Mon Nov 16 22:52:22 GMT 1998

Greetings,

I'm attaching a working proposal I made to the content development working
group of the vrml consortium, which I chaired until recently. As it turns
out, a recent post to our mailing list was made by Eric Pacquet, which I
will be forwarding to this list momentarily. Because the issue of Topic
Navigation Maps bears directly on this and includes the possibility of
forming a reflector if not a cross-standards working group aimed at
unifying the manageability of information resources on the web.

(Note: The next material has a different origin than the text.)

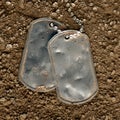 Dented and worn blank military dog tags in dirt Royalty Free Stock Photo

I also forwarded this paper to the enterprise wg list of the the VRML
Consortium which is changing its name to the Web3D Consortium in case you
didn't know. Daniel Lipkin, the chair of that group has been concerned with
xml integration, specifically with metadata concepts being included as a
node in VRML files. So, at the risk of seeming overly wide in my interests,
I think Eric's suggestions bear looking at.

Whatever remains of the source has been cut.